------ Given entries

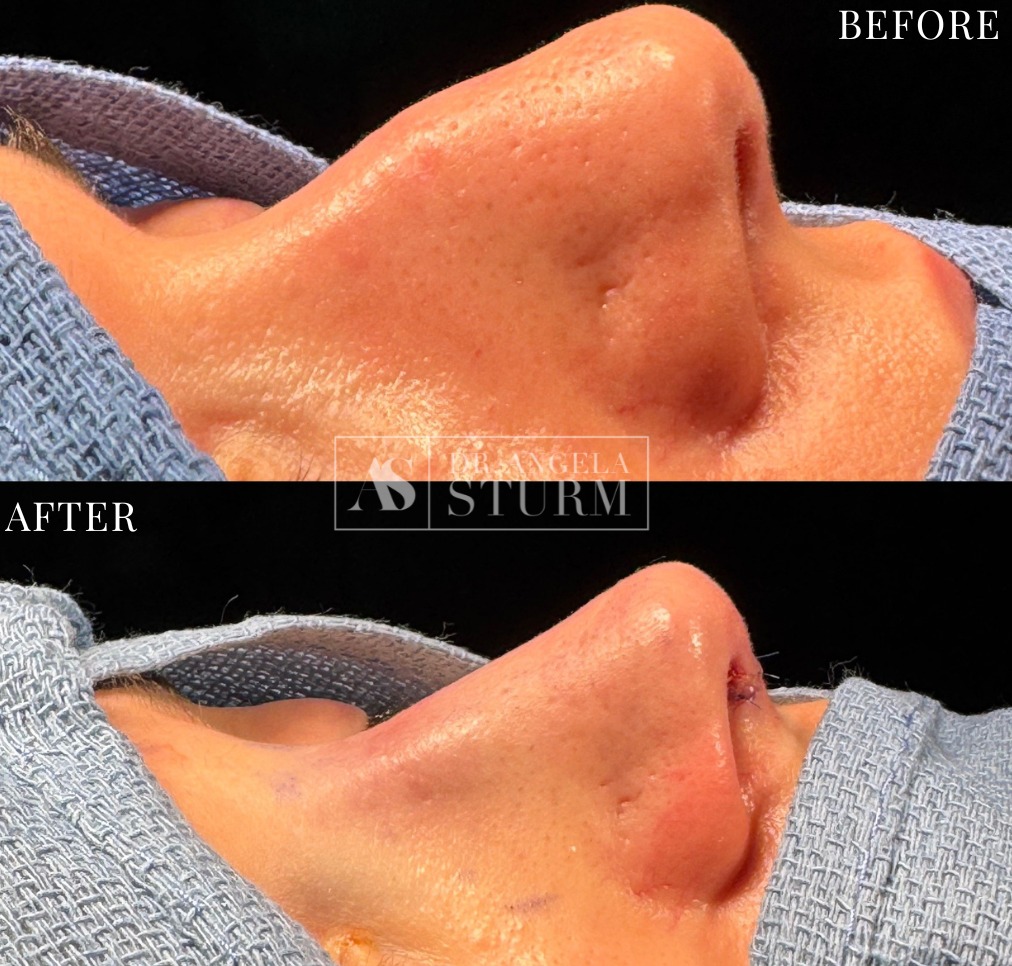 rhinoplasty, rhinoplasty before and after, rhinoplasty surgeon, revision rhinoplasty, rhinoplasty expert, nose job, nose job houston, houston rhinoplasty, houston nose job, houston plastic surgeon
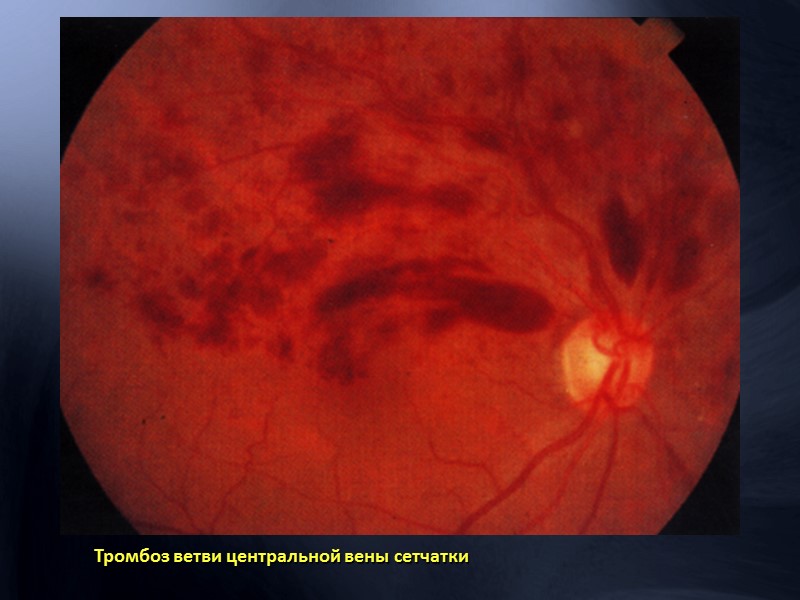 Витреоретинальная хирургия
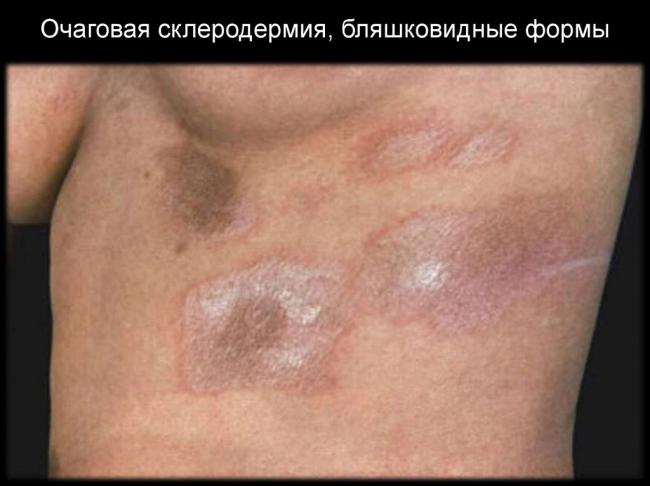 Склеродермия. признаки заболевания, фото, лечение, клинические рекомендации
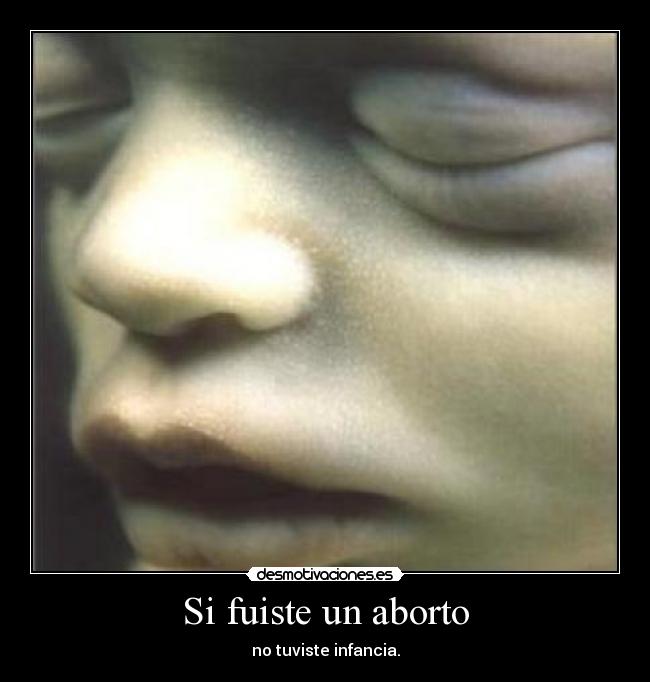 Si fuiste un aborto - no tuviste infancia.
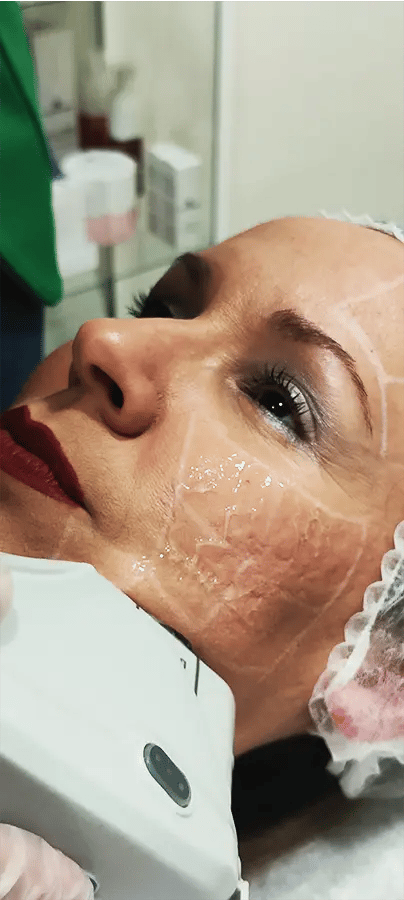 HIFU FACIAL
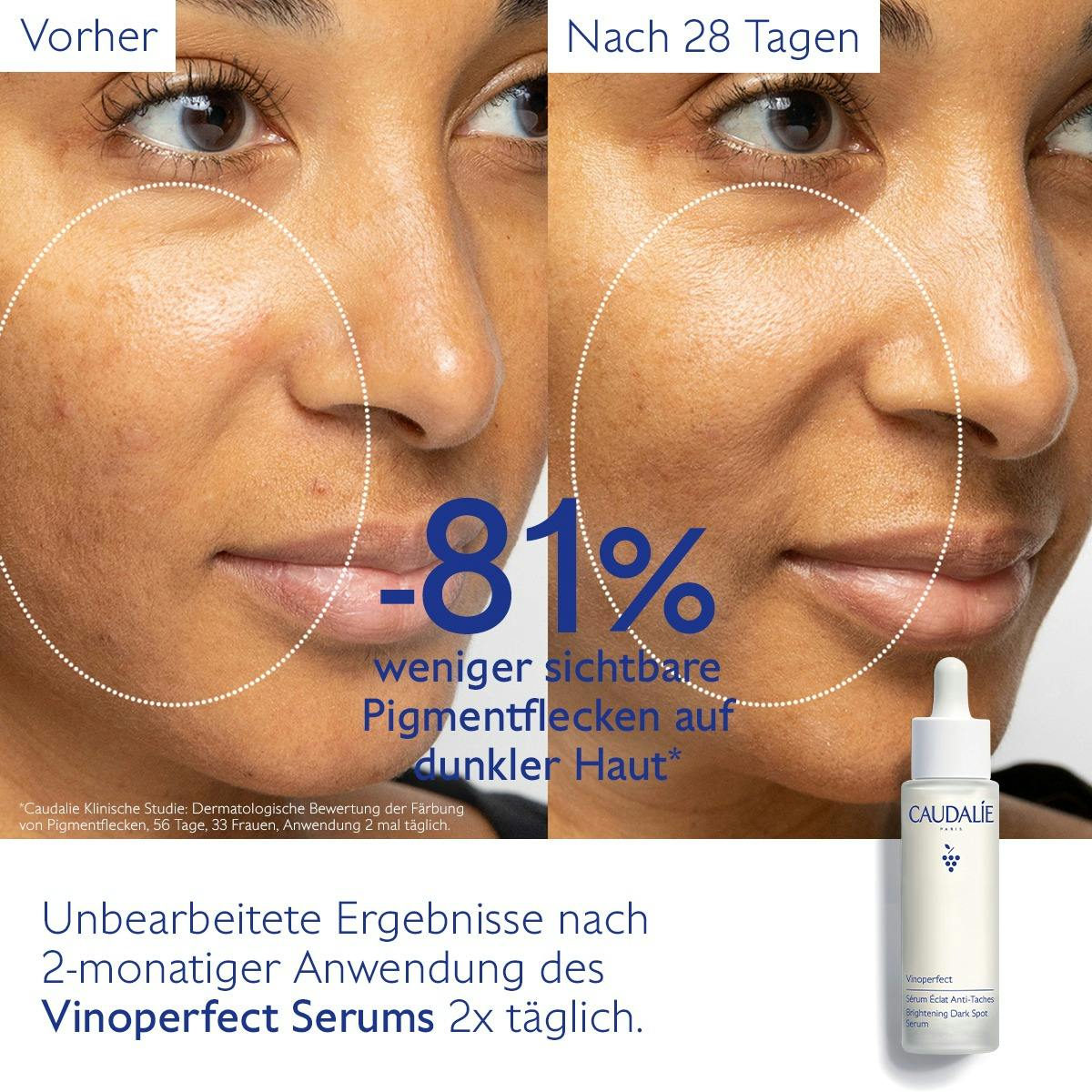 Serum für mehr Ausstrahlung und gegen Pigmentflecken mit Viniferine, Alternative zu Vitamin C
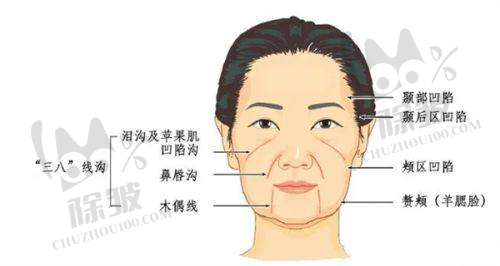 除皱项目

------------

### [Task to carry out]
Retype, exactly as written, each line from the one containing "Si fuiste un aborto - no tuviste infancia." through the end of the data above, and leave out every picture.

### [Result]
 Si fuiste un aborto - no tuviste infancia.
 HIFU FACIAL
 Serum für mehr Ausstrahlung und gegen Pigmentflecken mit Viniferine, Alternative zu Vitamin C
 除皱项目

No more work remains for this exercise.